Those walleyes/ sauger are just getting out of the fast water & their food is hidding in the rocks. ( When most of the gaits are open. I do the same thing below the mouth of the feeder creeks during high water pool.)
One of these days, I'm going to work the whole side,,, AFTER I get limit.

We useta LOVE to be in a boat, April-Mayish, drifting minnie & jig 10'-20' from shore,,, catching 30-50 smallies before noon,,, IN THE ROCKS.

Hey Snag, You live North of me. Drop me a PM and I'll give you my number,,, maybe we can get together during the week,,, buy MORE BAIT instead of gas!!!


----------



## snake69 (Sep 26, 2005)

And now the water has risen 3' since Monday(and supposed to rise yet another 2' or so before it starts tapering off), so again...everything is gonna change.
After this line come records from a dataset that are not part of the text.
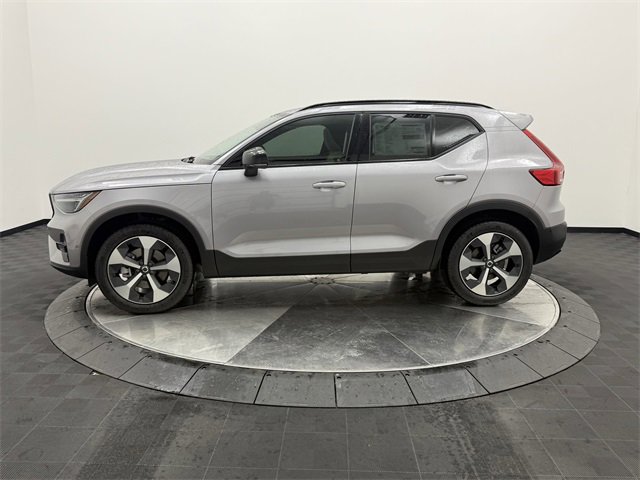 2026 Volvo XC40 Plus photo 4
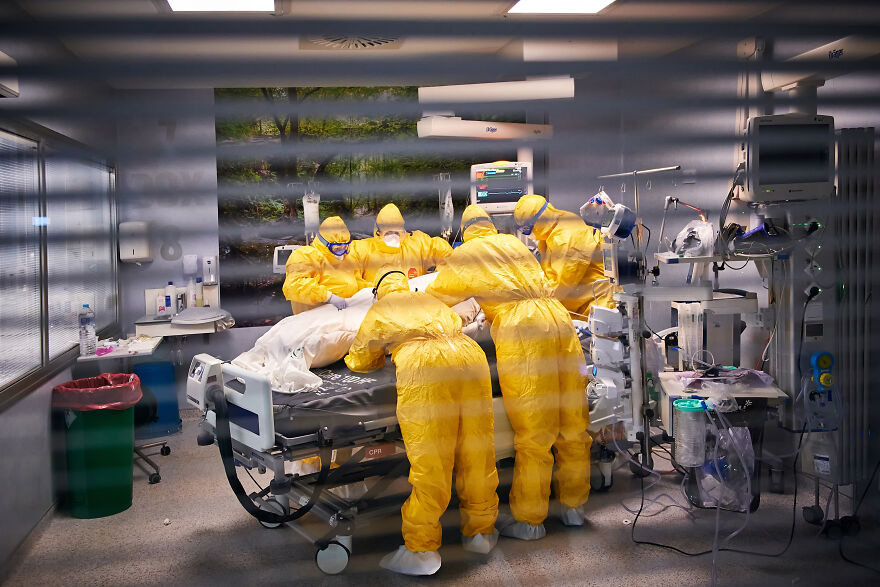 The ICU In Times Of Pandemic. 2nd Place, Science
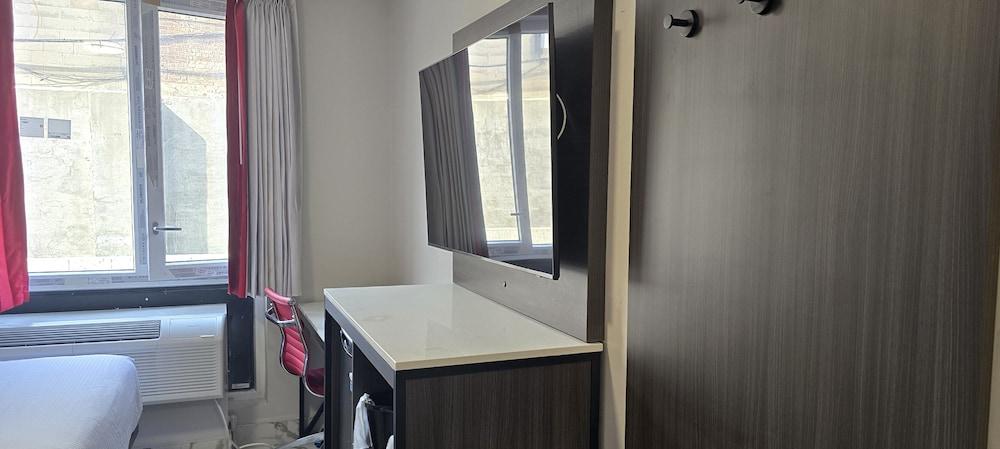 Ramada By Wyndham Brooklyn Empire Blvd photo 11
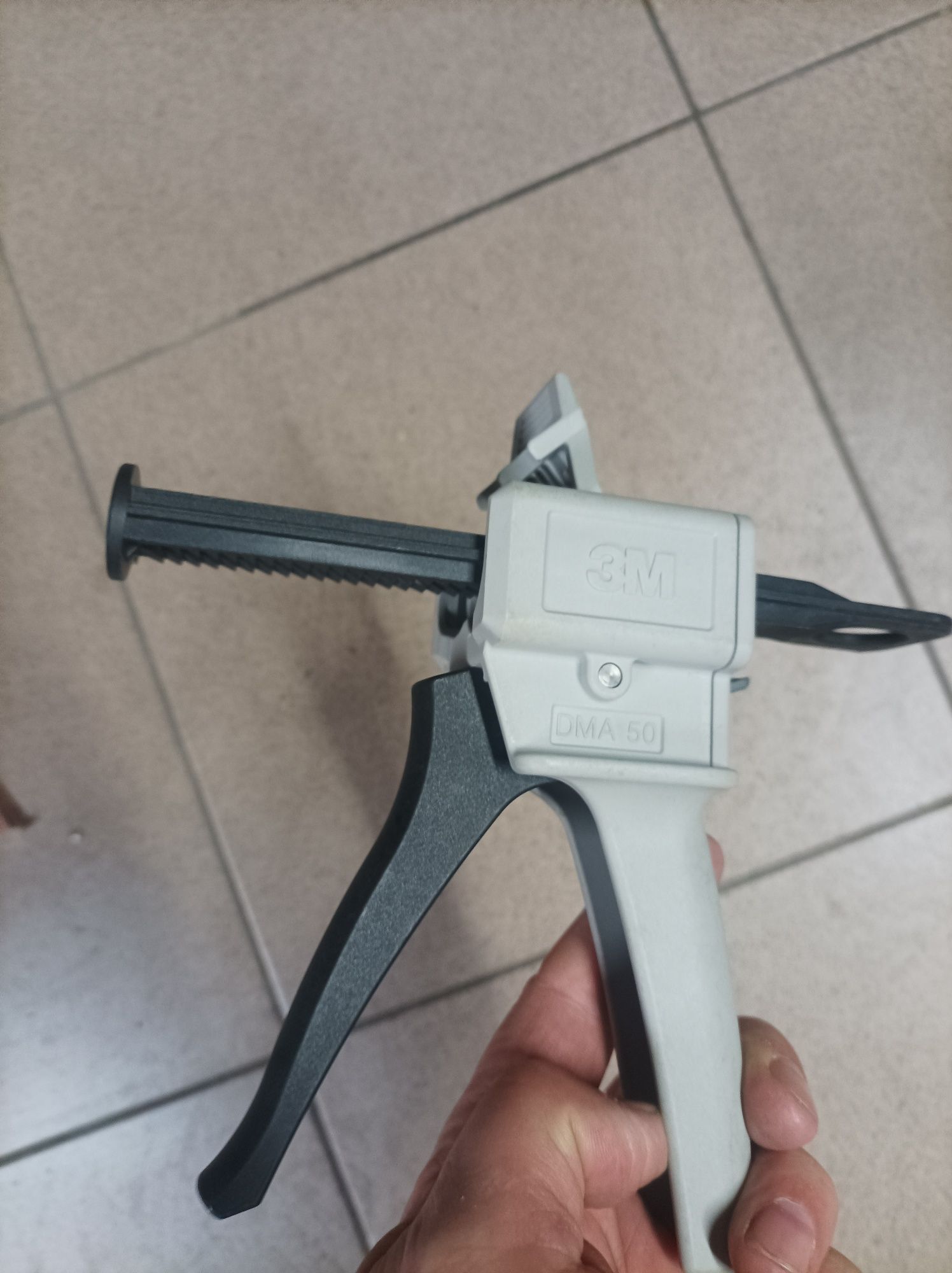 Pistolet do kleju epoksydowego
I believe I'll be down maybe tomorrow. Wanted to go today, but I knew it was gonna be brutal with the cold and wind. Plus, it's hard to get close to water (to retrieve fish)as the rocks will have ice on them due to the waves/cold. Did that on Sunday!! Both tricky and dangerous. 
Doboy,
Good post!


----------



## snag (Dec 27, 2005)

thanks for the info guys i hope to head down on friday with wb bob, hope the river drops some by then...


----------



## snake69 (Sep 26, 2005)

Projected to be about 21' by 7 am Fri morning. Right now, it's 22.5'.


----------



## SongDogBuster (Jan 17, 2010)

Snake that was me that ask if you left any _must notta_ I fished till 6 - only picked up 3 Sauger & 2 whites LOL. Usually do good right where I was sitting.Gonna try agian tomorrow after a few sets for Yotes in the morn.


----------



## Doboy (Oct 13, 2008)

snake69 said:


> Projected to be about 21' by 7 am Fri morning. Right now, it's 22.5'.


Ya, Snake
I figured Friday,,,Maybe even Sat. Sposeta be in the teens tonight! 
BURRRRRR-THAT


----------



## walcat (Apr 11, 2004)

What is the river conditions at Pike today. I live up near Washington and want to come down to check it out on the Ohio side today.Also directions to get there coming on 70. Thanks


----------



## snake69 (Sep 26, 2005)

Top of this page is a sticky titled " Oh River weather and forecast links"...click on that and go to "river level forecasts/Pitts Pa and you'll get this hourly *up to date *graph: http://water.weather.gov/ahps2/index.php?wfo=pbz&view=1,1,1,1,1,1
Hope this helps. By the way...over about 22' and the water will be *ON *the pier at Pike....good luck!


----------



## walcat (Apr 11, 2004)

Thank you.


----------



## Vince K (Jul 8, 2012)

7/7/2012 Caught a nice small mouth and two sauger with a fly rod last nite. Started fishing at 7:30 until 9:15 P.M Sauger started hitting about dark. Lot of fun on a fly rod.


----------



## Doboy (Oct 13, 2008)

Vince K said:


> 7/7/2012 Caught a nice small mouth and two sauger with a fly rod last nite. Started fishing at 7:30 until 9:15 P.M Sauger started hitting about dark. Lot of fun on a fly rod.


Thanks Vince, & Welcome

Please keep us posted,,, sure glad to hear you got a coupla sauger.
What did they hit?
Fast water, backwash,,,, A jig Down Deep? How'd you do that with a fly rod?


----------



## Vince K (Jul 8, 2012)

Gate next to pier was open. Fished off of the bar just past the end of the pier. Used a streamer, chartreuse and white deer hair with a bit of flash added, no weight to the streamer. Cast out about 30 to 40 feet and caught the sager around 9 p.m. caught the s. mouth close to shore just after 7 p.m. with the same streamer.


----------



## Doboy (Oct 13, 2008)

Thanks Vince,,,
That's just about what the guys at New Brighton were using,,, for the whites.


----------